AVAILABLE DATA

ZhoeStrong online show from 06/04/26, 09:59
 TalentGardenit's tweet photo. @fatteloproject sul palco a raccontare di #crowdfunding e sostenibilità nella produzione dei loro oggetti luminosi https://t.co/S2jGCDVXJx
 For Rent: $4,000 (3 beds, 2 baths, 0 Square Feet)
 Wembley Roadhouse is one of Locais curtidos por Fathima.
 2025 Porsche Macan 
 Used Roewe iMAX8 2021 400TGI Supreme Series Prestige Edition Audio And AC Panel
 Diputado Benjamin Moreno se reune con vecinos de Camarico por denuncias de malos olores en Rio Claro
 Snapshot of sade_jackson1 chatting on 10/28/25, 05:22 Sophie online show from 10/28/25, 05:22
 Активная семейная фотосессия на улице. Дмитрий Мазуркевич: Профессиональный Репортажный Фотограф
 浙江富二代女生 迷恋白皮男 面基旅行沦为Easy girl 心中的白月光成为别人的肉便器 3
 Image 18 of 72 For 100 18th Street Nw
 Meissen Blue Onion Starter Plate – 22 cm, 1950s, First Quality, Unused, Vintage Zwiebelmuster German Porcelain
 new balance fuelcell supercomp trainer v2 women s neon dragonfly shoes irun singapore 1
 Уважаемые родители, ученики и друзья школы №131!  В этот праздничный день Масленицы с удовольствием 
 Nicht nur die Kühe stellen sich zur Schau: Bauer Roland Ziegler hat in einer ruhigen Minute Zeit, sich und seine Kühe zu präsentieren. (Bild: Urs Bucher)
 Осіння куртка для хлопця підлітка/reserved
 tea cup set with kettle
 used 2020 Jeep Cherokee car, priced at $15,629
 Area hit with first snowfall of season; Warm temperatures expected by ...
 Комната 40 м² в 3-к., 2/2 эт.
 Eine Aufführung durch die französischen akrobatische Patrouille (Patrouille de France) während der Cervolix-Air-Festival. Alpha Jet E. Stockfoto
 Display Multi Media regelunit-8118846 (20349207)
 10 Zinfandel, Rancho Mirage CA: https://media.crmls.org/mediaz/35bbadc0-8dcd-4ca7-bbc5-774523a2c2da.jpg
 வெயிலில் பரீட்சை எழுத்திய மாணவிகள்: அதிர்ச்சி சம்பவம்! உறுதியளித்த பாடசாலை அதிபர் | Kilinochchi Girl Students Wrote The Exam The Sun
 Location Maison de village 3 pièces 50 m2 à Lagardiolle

WORK TASK
The range runs from the line above containing "used 2020 Jeep" to the line containing "10 Zinfandel, Rancho", inclusive. Restate those lines word for word and no others.

RESPONSE BOX
 used 2020 Jeep Cherokee car, priced at $15,629
 Area hit with first snowfall of season; Warm temperatures expected by ...
 Комната 40 м² в 3-к., 2/2 эт.
 Eine Aufführung durch die französischen akrobatische Patrouille (Patrouille de France) während der Cervolix-Air-Festival. Alpha Jet E. Stockfoto
 Display Multi Media regelunit-8118846 (20349207)
 10 Zinfandel, Rancho Mirage CA: https://media.crmls.org/mediaz/35bbadc0-8dcd-4ca7-bbc5-774523a2c2da.jpg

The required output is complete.